This veers away from the impressionistic and artistic bent that makes this blog so great, so it doesn’t quite belong. But it’s such a rich resource that maybe it belongs anywayz.
Helen Fulton, Rosemary Huisman, Julian Murphet, Anne Dunn – Narrative and Media
Click to access Narrative_and_media.pdf
(I don’t think there’s a risk to the PDF, but Gmail punted on it saying it’s busy worrying about other things.)
From the Introduction
//Narrative as ‘myth’ (by Helen Fulton)
Roland Barthes articulated the importance of language in the formation of ideology when he described myth as a type of speech…a mode of signification, which he located within semiology, the science of signs. For Barthes, myths represented a metalanguage, a second-order or connotative discourse that enables us to speak about the first-order or denotative level of signification. Myths therefore function as symbolic, ironic or metaphorical commentaries on what we understand to be literal meanings, offering us alternative readings imbued with ideological flavour. It is easy to see how media narratives, particularly those of film and television, might operate as myths, the stories in which we encode truths about ourselves and our society. From a post-structuralist viewpoint, there is a major theoretical flaw with much of Barthes early work, and that is his distinction between denotation and connotation, or first-order and second-order systems of signification.
[denotation—the literal or primary meaning of a word, in contrast to the feelings or ideas that the word suggests: beyond their immediate denotation, the words have a connotative power.
connotation—an idea or feeling that a word invokes in addition to its literal or primary meaning: the word “discipline” has unhappy connotations of punishment and repression | the work functions both by analogy and by connotation.]
Although it is undoubtedly logical that one signified can also stand as the signifier of another sign, this process does not operate merely on two or three levels, but as a chain of signification limited only by social usage. In other words, there is no denotation but only connotation, since denotative language – appearing objective, unmediated, reflective – is as ideologically positioned as language that we would regard as highly connotative and subjective. The belief in a denotative level of expression is itself a piece of ideology.
The Barthesian idea of myth can therefore be reinterpreted simply as narrativised ideology, the formulaic articulation and naturalisation of values, truths and beliefs. What media narratives achieve is precisely this kind of mythologising, the presentation of ideological positions as if they were natural and normative.

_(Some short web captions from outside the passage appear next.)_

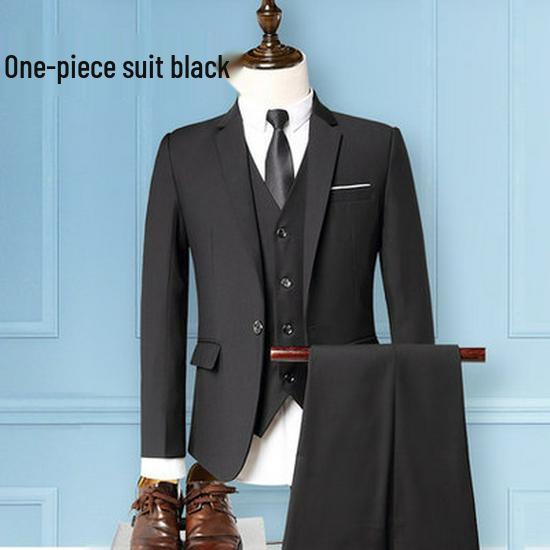 Men's Korean Style Business Suit: Three-Piece Trendy Casual Groomsmen Outfit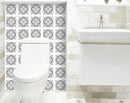 8" X 8" White and Black Cross Peel and Stick Removable Tiles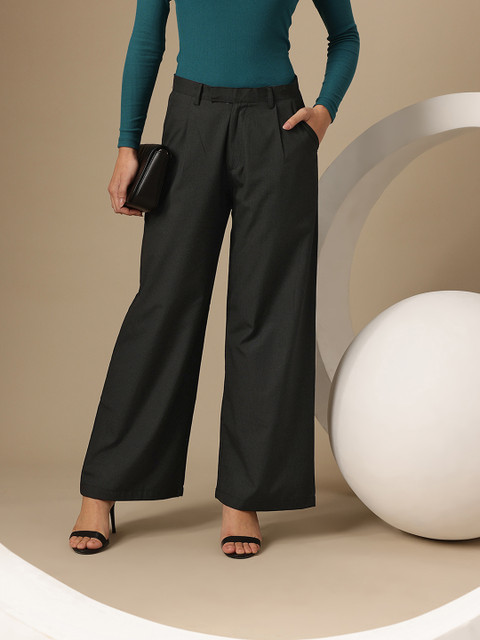 Chemistry Women Striped Mid-Rise Flared Fit Pure Cotton Pleated Detail Parallel Trousers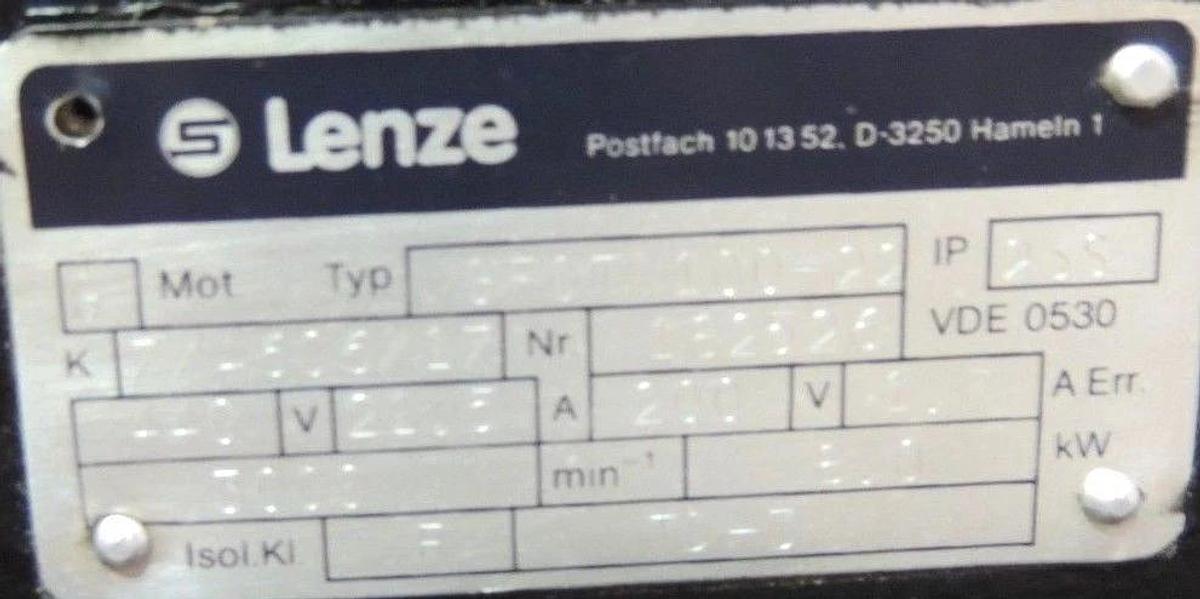 Used LENZE GFQT 100-22 SERVO MOTOR 440/200V 21.5A 8.0KW NR. 182526, MGFQT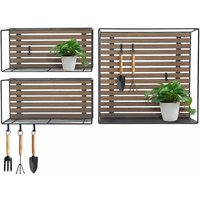 Spetebo - Wandregal 3er Set mit 9 Haken - 40 / 37 cm - Hänge Küchen Regal aus Holz und Metall von SPETEBO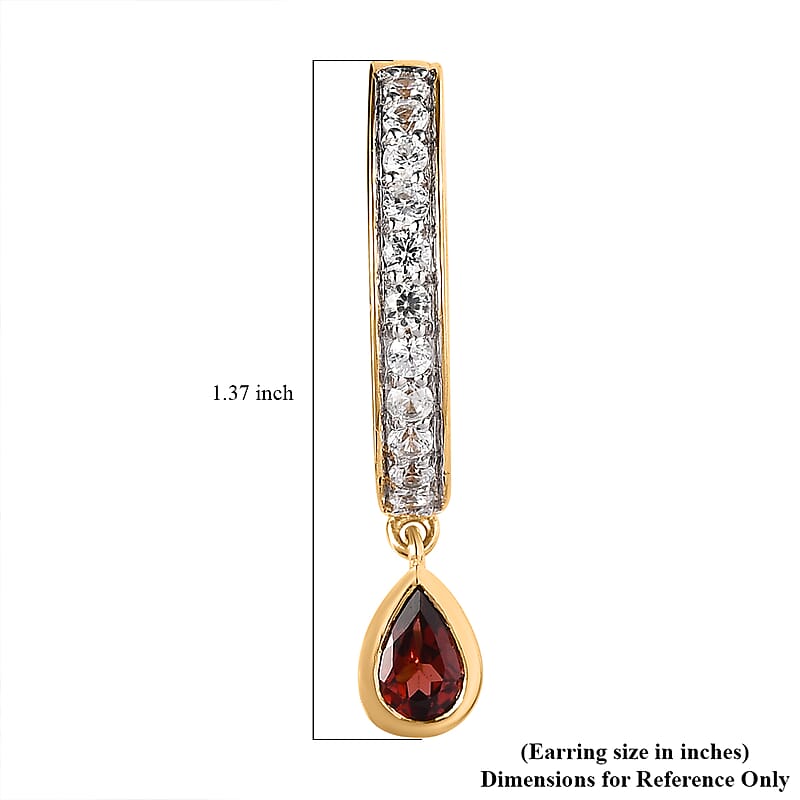 Premium Mozambique Garnet and White Zircon 2.10 ctw J Hoop Earrings in 18K Vermeil Yellow Gold Over Sterling Silver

Yet it is the Barthesian model of the two levels of meaning, the literal and the symbolic, that structures most media narratives, either by drawing attention to double layers of meaning, as in feature films, or by an apparent omission of second-order meaning, as in objective news journalism. In analysing media texts, we need to interrogate the ideological myths that are told at every level. The mythical function of most media narratives is to return us to a stable subjectivity, to remind us of who we are and what reality is. Classic Hollywood movies and realist television dramas reinforce such myths as the existence of innate morality and gender, the natural opposition between ‘good’ and ‘bad’, and between ‘male’ and ‘female’, as clearly defined and unproblematic categories. Their narrative structures assert myths, or ideologies, of the episodic nature of life, where natural or inevitable resolutions are reached and points of closure can be achieved. News reporting mythologises, and therefore normalises, the existence of universal truths and an objective reality that can be retrieved and represented without ideological mediation. By constructing these powerful narratives of who ‘we’ are, the media separate ‘us’ from ‘them’, those others who don’t share or understand the stories we know and believe to be true.
Media myths are, by and large, the myths of late capitalism in Western societies, which function to produce the coherent subjects of capitalist economies. As subjects, we are prepared to keep working to maintain the status quo of power as long as we have access to the media products and consumer items that construct and reinforce our identities.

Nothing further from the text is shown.